ITEM 2.   MANAGEMENT'S DISCUSSION AND ANALYSIS

  OF FINANCIAL CONDITION:

  At March 31, 1999, the Company's total debt was $43.1 million, an
  increase of $8.3 million from $34.8 million outstanding at December
  31, 1998.  The Company's total debt to capitalization ratio was 43%
  at the end of the first quarter of 1999 as compared to 38% at the end
  of 1998.

  The level of debt increased in the first quarter of 1999 primarily as
  a result of the acquisition of Metal-Lab of Wisconsin, Inc. ("Metal-
  Lab") on February 17, 1999 for a purchase price, net of cash
  received, of $9.9 million.  This transaction was funded with
  additional borrowings under the Company's revolving credit agreement.
  The cash effect of this purchase was offset to a degree by cash
  generated from the sale of the assets of the last discontinued
  Precision Products segment operation -- Arrow-Acme Company -- during
  the quarter, which was used to repay debt.

  In February 1999, the Company amended its revolving credit facility
  to increase the total borrowing capacity from $45 million to $70
  million, extend the maturity date of the agreement relating to the
  facility to December 2001 and to adjust certain loan covenants.  At
  March 31, 1999, the Company had $35 million of available capacity
  under the amended revolving credit facility.

  Capital expenditures for the first three months of 1999 were $2.7
  million, increased from $2.3 million in the corresponding period of
  1998.  The spending in the first quarter of 1999 related primarily to
  the acquisition of additional furnaces and equipment for expansion at
  certain of the company's facilities.

  On January 30, 1999, the Board of Directors declared a cash dividend
  of $.08 on each share of the Company's common stock, payable on March
  1, 1999.  The total cash dividends paid on the latter date were
  $471,000.  This compared to a dividend payout of $.08 per share of
  common stock, or $387,000, in the corresponding quarter of 1998.

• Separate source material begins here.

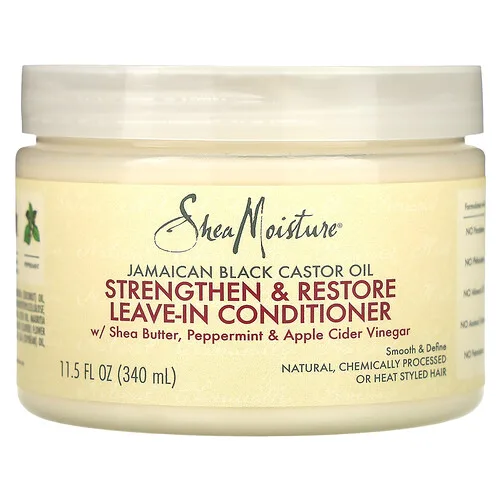 SheaMoisture, Aceite de ricino negro de Jamaica, Acondicionador sin enjuague fortalecedor y restaurador, 312 g (11 oz)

  The Company believes that its borrowing capacity and funds generated
  through operations will be sufficient to meet currently foreseen
  capital investment and working capital needs in support of existing
  businesses for the balance of 1999 and in the longer term.

<PAGE> 9
                                  -9-

  OF RESULTS OF OPERATIONS:

  Quarter ended March 31, 1999 and 1998

  Net sales for the quarter ended March 31, 1999 were $32.1 million, up
  $1.2 million, or 4%, from $30.9 million for the corresponding period
  in 1998.  For the first quarter of 1999, the Company estimates that
  acquisitions made subsequent to March 31, 1998 accounted for about 9%
  of total net sales.  Excluding the estimated effect of those acquisitions,
  net sales of the Company's remaining operations decreased by approximately
  6% overall.

  The decline in net sales at the remaining operations resulted primarily
  from weakness in orders from customers in the oilfield and
  agricultural equipment markets.  Additionally, reduced net sales at Company
  facilities serving aerospace markets, where order rates were slow in January
  1999 before improving towards the end of the first quarter, contributed to
  the decline in net sales.

  Gross profit for the first quarter of 1999 was $9.8 million, up $176,000,
  or 2%, from $9.6 million for the first quarter of 1998.  The gross profit
  increase in the first quarter of 1999 related to theincrease in net sales.
  The Company's gross margin in the first quarter of 1999 was 30.4%, compared
  to 31.1% in the corresponding period of 1998.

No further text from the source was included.